Chinese hackers target India's power grid, emergency response system: Report

Updated on Apr 07, 2022 09:14 AM IST

The hackers focused on at least seven ‘load dispatch' centers in northern India that are responsible for carrying out real-time operations for grid control and electricity dispersal in the areas they are located, near the disputed India-China border in Ladakh, the report said.

A picture of Power grid. HT Photo/Sanjeev Verma
A picture of Power grid. HT Photo/Sanjeev Verma
Bloomberg |

Suspected state-sponsored Chinese hackers have targeted the power sector in India in recent months as part of an apparent cyber-espionage campaign, the threat intelligence firm Recorded Future Inc. said in a report published Wednesday.

The hackers focused on at least seven “load dispatch” centers in northern India that are responsible for carrying out real-time operations for grid control and electricity dispersal in the areas they are located, near the disputed India-China border in Ladakh, the report said. One of the load dispatch centers previously was the target of another hacking group, RedEcho, which Recorded Future has said shares “strong overlaps” with a hacking group that the US has tied to the Chinese government.

“The prolonged targeting of Indian power grid assets by Chinese state-linked groups offers limited economic espionage or traditional intelligence gathering opportunities,” the Recorded Future report states. “We believe this is instead likely intended to enable information gathering surrounding critical infrastructure and/or pre-positioning for future activity.”

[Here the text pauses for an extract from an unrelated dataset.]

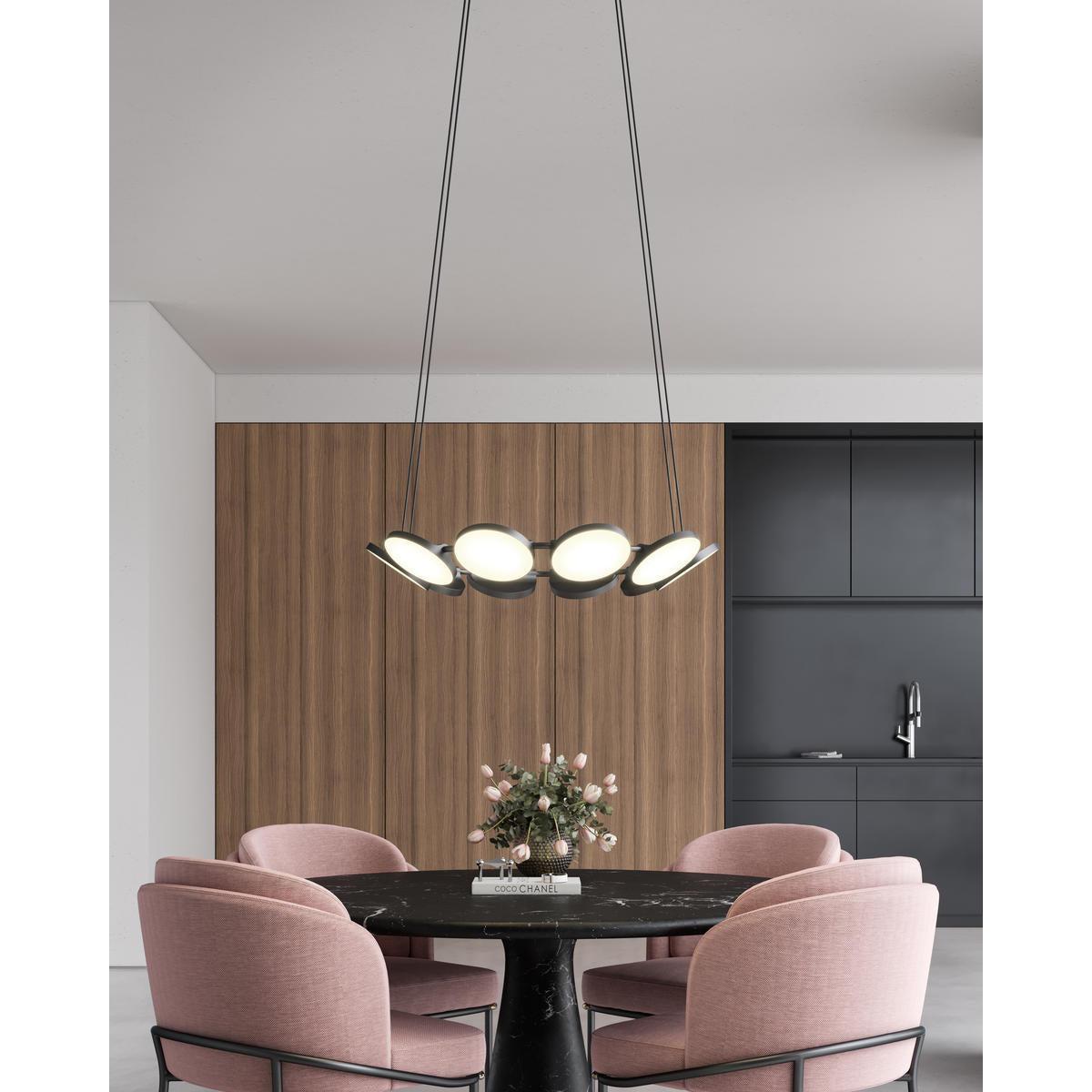 Kuzco CH72225-BK Novel 25-in LED Chandelier, UL Listed, Black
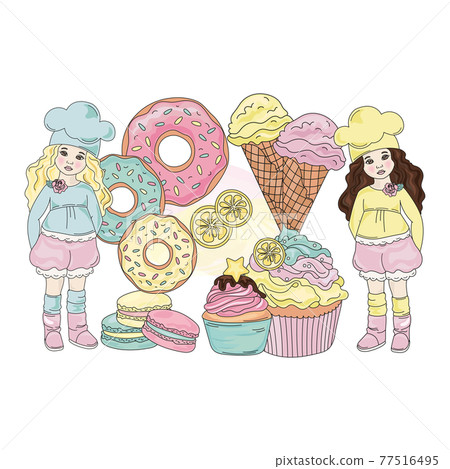 SWEET LIFE PRODUCTION Two Girls Confectioners And Their Products Ice Cream Donuts Cookies And Biscuit Dessert Cartoon Clip Art Vector Illustration Set For Print 77516495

In addition, the hackers compromised an Indian national emergency response system and a subsidiary of a multinational logistics company, according to the report.

The hacking group, dubbed TAG-38, has used a kind of malicious software called ShadowPad, which was previously associated with China’s People’s Liberation Army and the Ministry of State Security, according to Recorded Future. Researchers didn’t identify the victims by name.

Jonathan Condra, a senior manager at Recorded Future, said the method the attackers used to make the intrusions -- using compromised internet of things devices and cameras -- was unusual. The devices used to launch the intrusions were based in South Korea and Taiwan, he said.

The Chinese Ministry for Foreign Affairs didn’t respond to a request for comment by press time. Beijing has consistently denied involvement in malicious cyber activity. Indian authorities also didn’t respond to a request for comment.